* Input records:
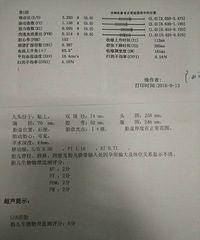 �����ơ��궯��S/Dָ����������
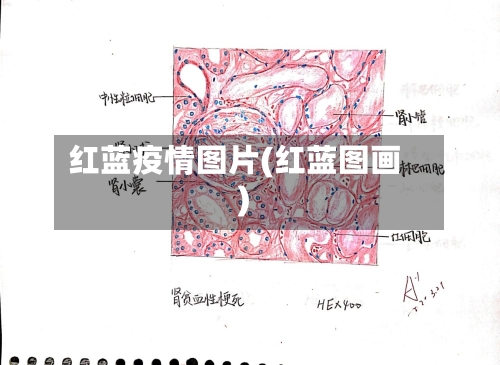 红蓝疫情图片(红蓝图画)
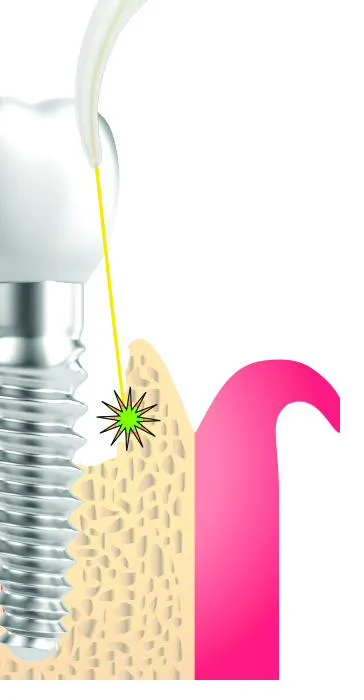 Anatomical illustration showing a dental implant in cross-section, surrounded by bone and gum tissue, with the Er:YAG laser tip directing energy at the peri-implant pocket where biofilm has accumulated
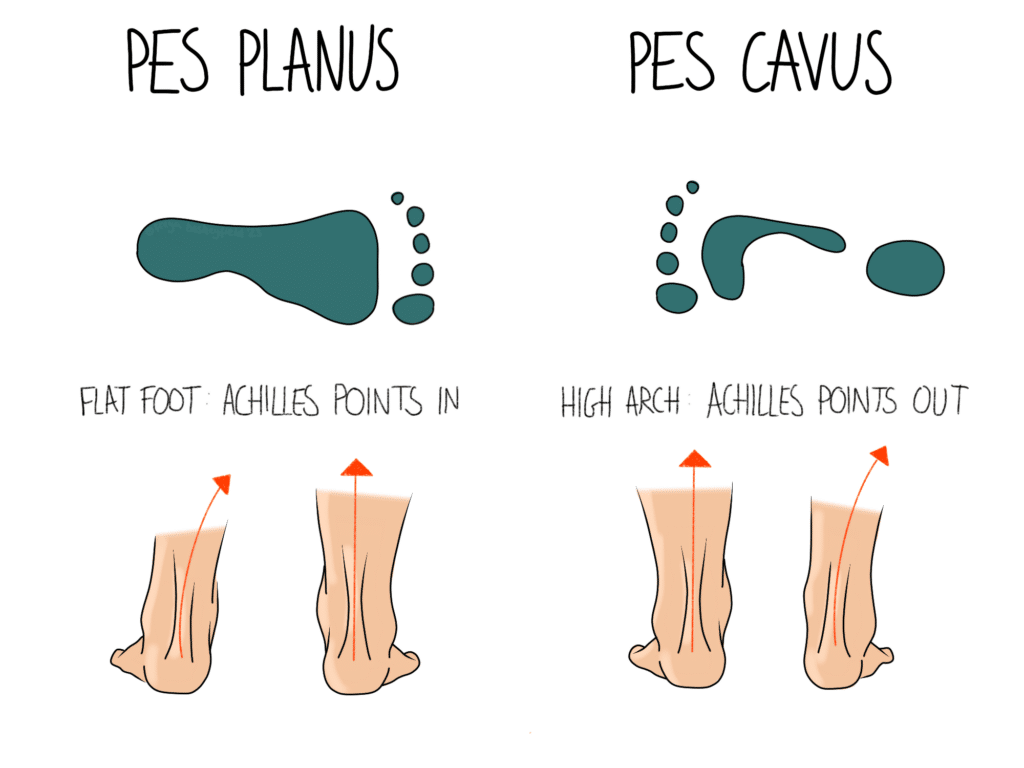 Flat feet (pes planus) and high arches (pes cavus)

==

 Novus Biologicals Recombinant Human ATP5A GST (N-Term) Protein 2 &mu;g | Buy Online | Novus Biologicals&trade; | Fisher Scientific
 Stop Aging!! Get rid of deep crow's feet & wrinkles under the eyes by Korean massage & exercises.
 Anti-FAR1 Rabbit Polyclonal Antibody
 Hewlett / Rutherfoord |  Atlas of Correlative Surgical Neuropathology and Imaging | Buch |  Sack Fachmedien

* Task details: Starting at the line containing "红蓝疫情图片(红蓝图画)" and stopping at the line containing "Anatomical illustration showing", output each line exactly as it appears above. Leave out the pictures.

* Result of the task:
 红蓝疫情图片(红蓝图画)
 Anatomical illustration showing a dental implant in cross-section, surrounded by bone and gum tissue, with the Er:YAG laser tip directing energy at the peri-implant pocket where biofilm has accumulated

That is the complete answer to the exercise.